- Noord-Koerdistan
Rabia en Resul İhtiyatoğlu runnen een biologische kippenboerderij in Hakkari. Door de economische crisis in Turkije worden de ouders van drie kinderen geruïneerd.
De Koerdische provincie Hakkari ligt in het uiterste zuidoosten van Turkije. De werkloosheid is hoog, de armoede is groot. Er is bijna geen eigen productie, de meeste producten komen uit andere regio’s. Er is een zware economische crisis in Turkije en alles wordt steeds duurder.
Resul İhtiyatoğlu werkte vroeger als technicus. Daarna werd hij om politieke redenen gearresteerd en bracht hij vijf jaar in de gevangenis door. Na zijn vrijlating kon hij geen nieuwe baan vinden. Na lang zoeken is de vader van drie kinderen eindelijk een kippenboerderij begonnen.
İhtiyatoğlu zegt dat er geen investering en geen productie is in Hakkari. 99 procent van al het voedsel komt uit andere regio’s. “Het is hier onder de omstandigheden moeilijk, maar ik doe dit werk nu al twee jaar. Vorig jaar ging het beter, maar dit jaar voelen we ook de economische crisis. De zaken gaan slecht. Het voer voor de kippen wordt geleverd van buiten en is daarom erg duur. Vorig jaar verkochten we een pallet eieren voor twintig lira. Dit jaar kost de pallet al zeventig lira, en toch verdienen we er niets mee”, zegt de Koerdische kippenboer.
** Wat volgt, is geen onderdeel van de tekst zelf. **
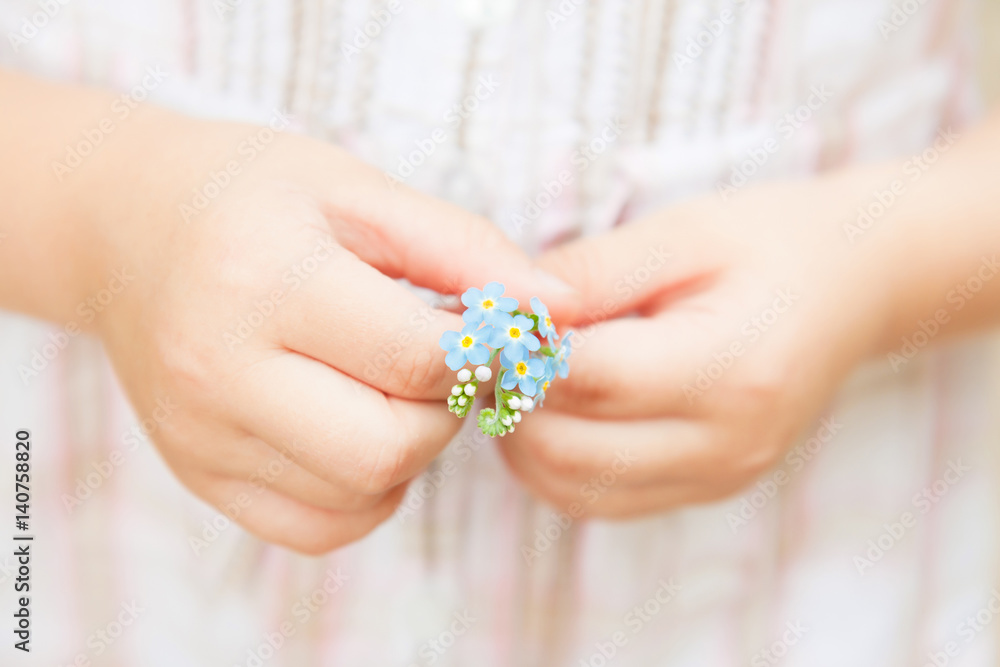 Spring - Forget me not flowers in little child's hands Spring - Forget me not flowers in little child's hands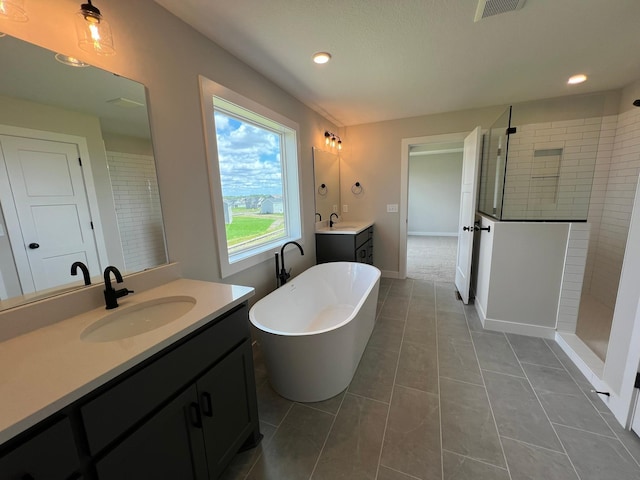 bathroom featuring vanity, separate shower and tub, and tile patterned floors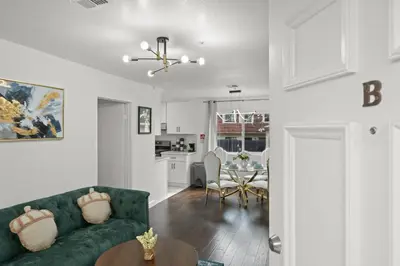 a living room with a green couch and a table at LuxuryCondo DTAlhambra Near Starbucks Free2Parking in Alhambra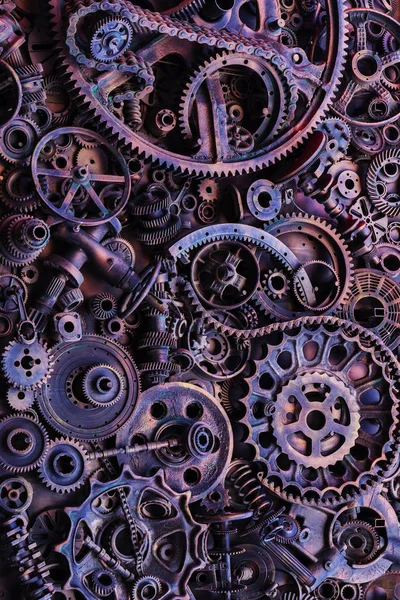 Steampunk arka plan, makine parçaları, büyük dişli ve zincir makineleri ve traktörler. Eski paslı makine parçaları. Yaylar, rulmanlar, pistonlar, milleri, milleri.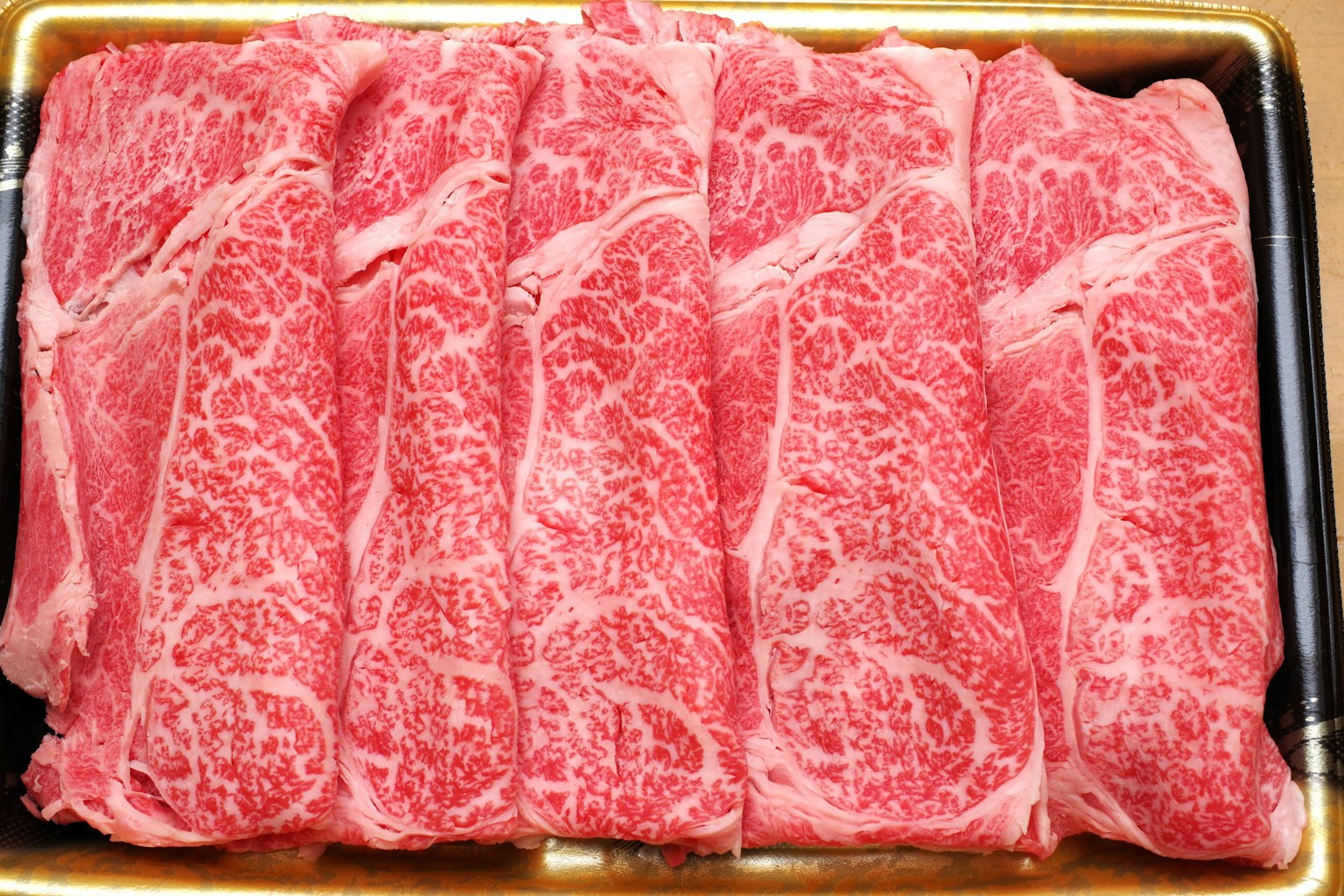 Rebanadas de carne de res maravillosamente veteadas dispuestas ordenadamente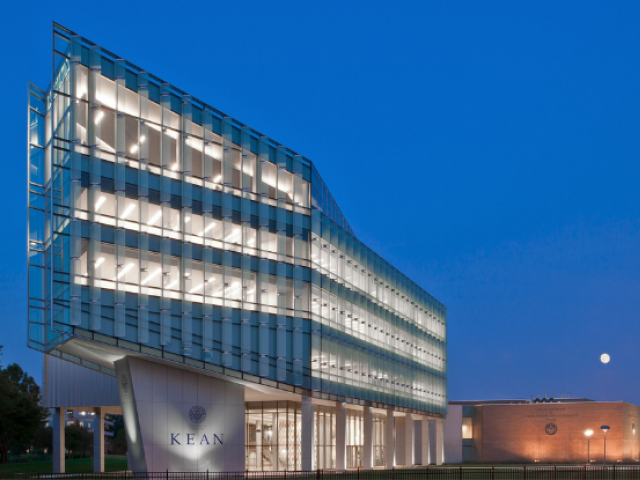 Kean University's STEM building illuminated at night.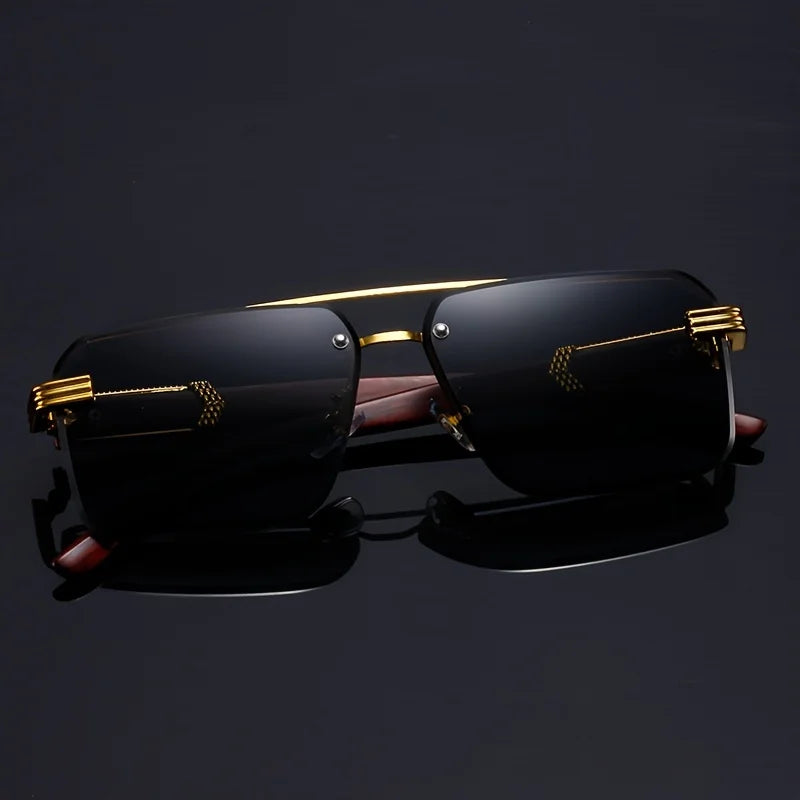 Black sunglasses with gold accents on a dark background
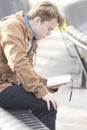 Teenager sitting on bench reading Bible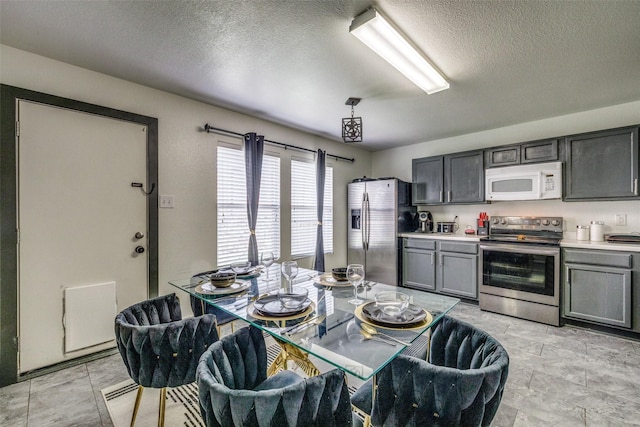 703 Moss Glen Trl, Arlington, TX 76002 - dining space featuring a textured ceiling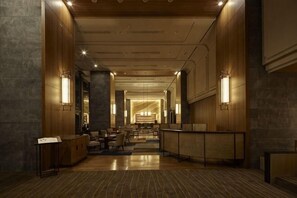 A spacious lobby with a reception desk, seating area, and a view of the hotel entrance. - Takanawa Hanakohro, a Member of Small Luxury Hotels of the World (Tokyo)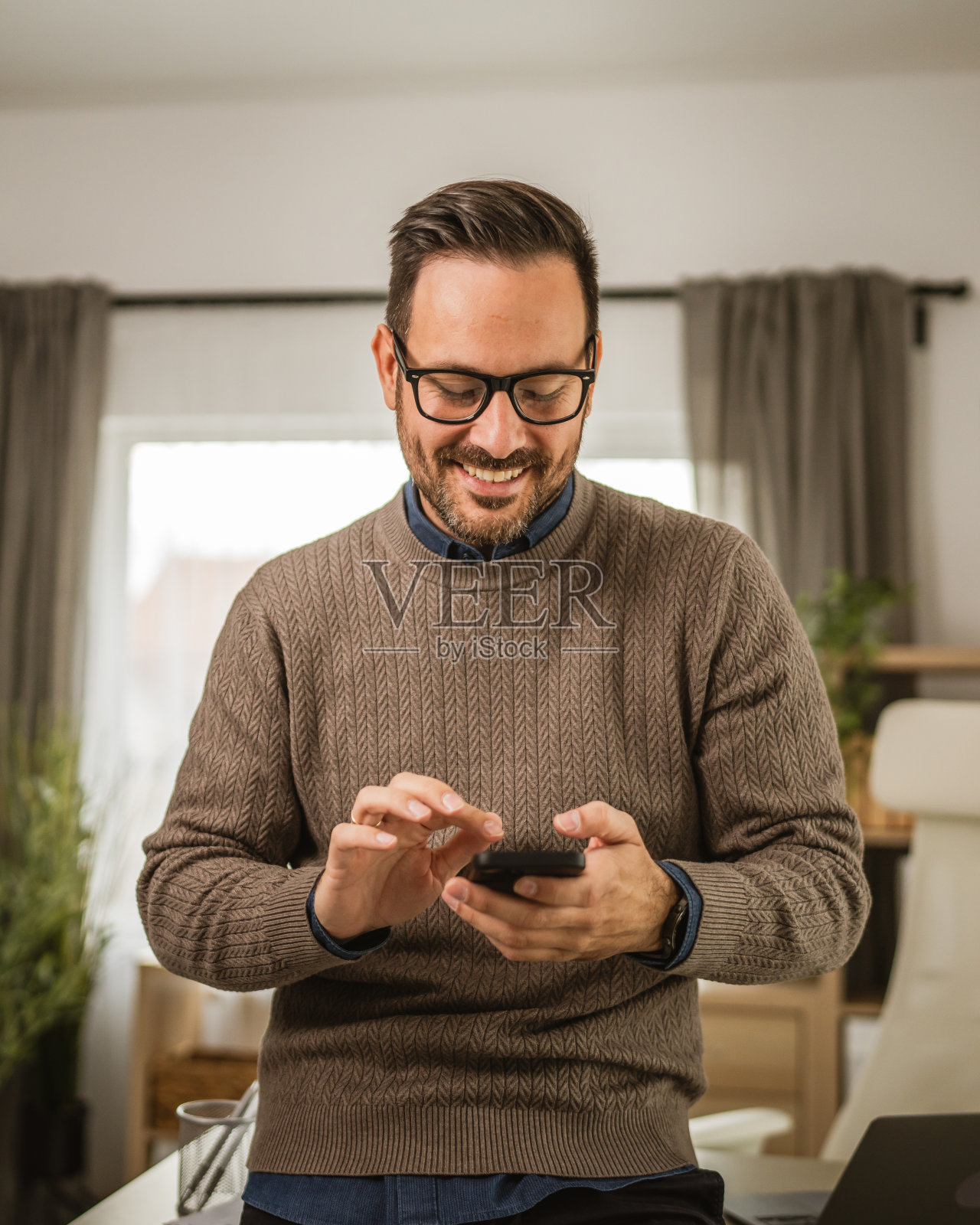 成年男子在办公室休息，用手机发信息照片摄影图片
In het begin hielden İhtiyatoğlu en zijn vrouw Rabia meer dan duizend kippen. “Vanwege de economische crisis is voer erg duur. We moesten 400 kippen verkopen om geld te verdienen voor voer. We kunnen het voer niet betalen en we verdienen niet genoeg om het gezin te onderhouden. Ik weet niet hoe ik door moet gaan. We krijgen geen steun en omdat we de kippen niet goed kunnen voeren, krijgen we geen goede producten. Er is potentieel voor klanten in Hakkari, maar omdat de prijzen van tarwe en voer blijven stijgen, hebben we geen winst. Als het zo doorgaat, zullen we de boerderij moeten sluiten. Ik vind dit werk leuk, maar de kosten van levensonderhoud zijn erg hoog. Ik maak me vooral zorgen over de toekomst van mijn kinderen.”
Rabia İhtiyatoğlu zegt dat ze al jaren problemen heeft om in haar levensonderhoud te voorzien en nergens een baan kon vinden. Toen haar man het idee van de kippenboerderij kreeg, steunde ze hem: “We zijn dit werk samen begonnen. In het begin waren de voerprijzen betaalbaar en konden we de eindjes aan elkaar knopen. Door de economische crisis gingen de voerprijzen flink omhoog.”
De kippenboer spreekt de uitspraken van de overheid dat binnenlandse productie wordt ondersteund tegen: “We krijgen helemaal geen steun. Het is voor ons heel moeilijk om op de been te blijven. Op dit moment houden we nog 500 kippen. We beginnen heel vroeg maak ‘s morgens het hok schoon en voer de kippen. Daarna laten we ze buiten en luchten het hok. Er is veel vraag naar onze eieren omdat mensen producten willen van biologische veehouderij. Er is bijna geen voedselproductie in Hakkari, bijna alles komt van buiten. Er is geen productie en alles is gebaseerd op consumptie. Mijn man en ik proberen onze kippenboerderij draaiende te houden.”